Lynx Capital is a runnable reference under examples/lynxCapital. It models a finance-operations platform: an LLM swarm of orchestrators, regional workflows, and thousands of ephemeral domain workers executes payout cycles across twenty partner providers, with every agent and every provider call governed by Caracal. It is the primary reference for modelling permission boundaries, spawned agents, providers, resources, and policies on Caracal.

Building blockRole
Applicationslynx-operations, lynx-intake, lynx-ledger, lynx-compliance, lynx-treasury, lynx-payments, lynx-audit — one managed application per permission boundary, each holding only its own partner authority.
AgentsEvery spawned agent — orchestrator or worker — is its own agent session under its role’s application, labeled [role, lynx-swarm] with run and agent metadata, narrowed by a delegation edge to its role’s scopes and views.
ProvidersTwenty partner credential providers (provider://<slug>), each registered in the exact config shape its kind supports: API key, bearer token, OAuth client credentials, OAuth authorization code, Caracal mandate, or none.
ResourcesPer-application resource views (resource://<app>-<provider>). The Gateway binds each view to exactly one application, so shared partners expose one view per boundary, each carrying only that boundary’s scopes.
Policy setlynx-finance-ops: default-deny base, generated bindings and grants data, and one shared decisions policy allowing exactly each application’s role-granted mandate mints and gateway calls.

The model is declared once in config/tenancy.yaml; the SDK seam, agent runner, provisioning, and policy all read from it.
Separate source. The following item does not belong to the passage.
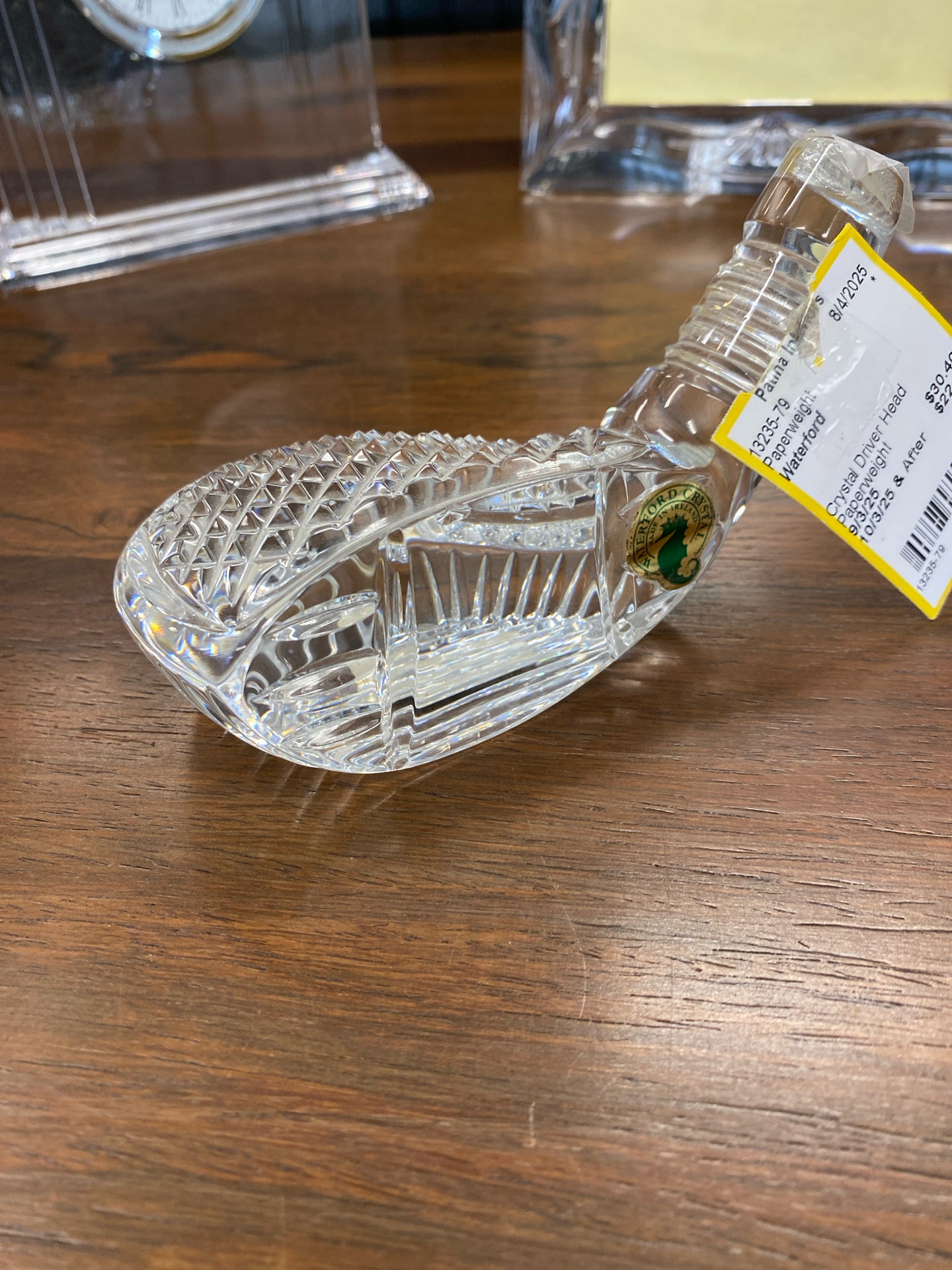 Waterford Paperweight
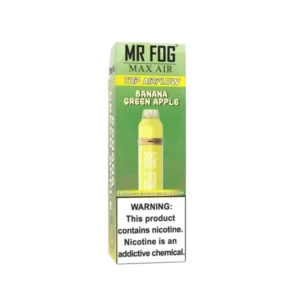 Mr Fog Max Air Banana Green Apple | 18mL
Why one application per permission boundary

Section titled “Why one application per permission boundary”

A Caracal application is a credential and trust boundary, and the Gateway binds each resource to exactly one application. Splitting the swarm by permission boundary means a payments worker and an audit worker can both reach the same partner — through different views, with different scopes — while a compromised intake agent can never present payment authority. Agents are sessions, not applications: each spawn gets its own identity, labels, delegation edge, and audit trail without minting new application credentials.

The swarm’s runner gives every agent its own session via the SDK’s spawn: orchestrators inherit under the operations boundary; each domain worker spawns under its application’s per-run dispatcher root with Grant.narrow(role scopes, views, max_hops=1, run TTL). Ad-hoc partner-integration workers resolve their boundary, scope, and view dynamically from the requested provider operation. Logs and policy decisions identify exactly which agent did what.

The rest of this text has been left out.